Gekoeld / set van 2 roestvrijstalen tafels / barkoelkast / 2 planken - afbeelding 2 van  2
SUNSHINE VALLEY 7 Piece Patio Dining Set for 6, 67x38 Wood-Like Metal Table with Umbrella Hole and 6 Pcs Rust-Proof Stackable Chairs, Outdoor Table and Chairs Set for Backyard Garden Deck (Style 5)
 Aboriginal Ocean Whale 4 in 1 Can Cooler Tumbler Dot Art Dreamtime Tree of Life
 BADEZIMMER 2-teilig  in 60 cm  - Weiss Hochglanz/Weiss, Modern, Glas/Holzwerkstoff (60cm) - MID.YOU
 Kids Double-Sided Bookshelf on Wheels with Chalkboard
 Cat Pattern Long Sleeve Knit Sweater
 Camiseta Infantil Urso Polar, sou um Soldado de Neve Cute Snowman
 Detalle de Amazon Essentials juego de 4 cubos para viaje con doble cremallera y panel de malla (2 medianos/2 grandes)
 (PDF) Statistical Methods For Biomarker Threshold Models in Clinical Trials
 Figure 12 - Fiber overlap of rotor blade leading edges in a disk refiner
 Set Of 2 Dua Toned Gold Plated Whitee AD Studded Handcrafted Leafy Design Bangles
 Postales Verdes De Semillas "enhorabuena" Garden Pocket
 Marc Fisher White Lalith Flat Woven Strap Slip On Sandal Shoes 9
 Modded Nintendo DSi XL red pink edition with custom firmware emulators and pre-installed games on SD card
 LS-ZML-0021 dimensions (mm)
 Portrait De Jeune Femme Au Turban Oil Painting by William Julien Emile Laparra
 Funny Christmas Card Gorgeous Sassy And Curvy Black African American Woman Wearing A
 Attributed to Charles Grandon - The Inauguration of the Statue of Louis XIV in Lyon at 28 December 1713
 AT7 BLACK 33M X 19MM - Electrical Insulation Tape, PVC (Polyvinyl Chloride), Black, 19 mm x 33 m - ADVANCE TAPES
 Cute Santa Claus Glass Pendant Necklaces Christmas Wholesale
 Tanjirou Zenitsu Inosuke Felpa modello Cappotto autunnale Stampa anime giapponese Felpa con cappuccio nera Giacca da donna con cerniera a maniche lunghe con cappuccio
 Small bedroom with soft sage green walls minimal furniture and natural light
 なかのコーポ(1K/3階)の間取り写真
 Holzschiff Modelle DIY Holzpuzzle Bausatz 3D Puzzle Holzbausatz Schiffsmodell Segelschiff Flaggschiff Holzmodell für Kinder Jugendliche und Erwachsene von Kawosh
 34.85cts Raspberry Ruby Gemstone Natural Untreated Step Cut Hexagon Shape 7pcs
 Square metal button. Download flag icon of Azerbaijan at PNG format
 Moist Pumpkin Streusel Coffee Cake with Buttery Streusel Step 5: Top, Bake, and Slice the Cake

□ □ □ □ □ □ □

When the line with "(60cm) - MID.YOU" is reached in the data above, begin copying, and stop after the line with "Detalle de Amazon"; copy each line exactly, both ends included.

**YOUR SOLUTION:**
 BADEZIMMER 2-teilig  in 60 cm  - Weiss Hochglanz/Weiss, Modern, Glas/Holzwerkstoff (60cm) - MID.YOU
 Kids Double-Sided Bookshelf on Wheels with Chalkboard
 Cat Pattern Long Sleeve Knit Sweater
 Camiseta Infantil Urso Polar, sou um Soldado de Neve Cute Snowman
 Detalle de Amazon Essentials juego de 4 cubos para viaje con doble cremallera y panel de malla (2 medianos/2 grandes)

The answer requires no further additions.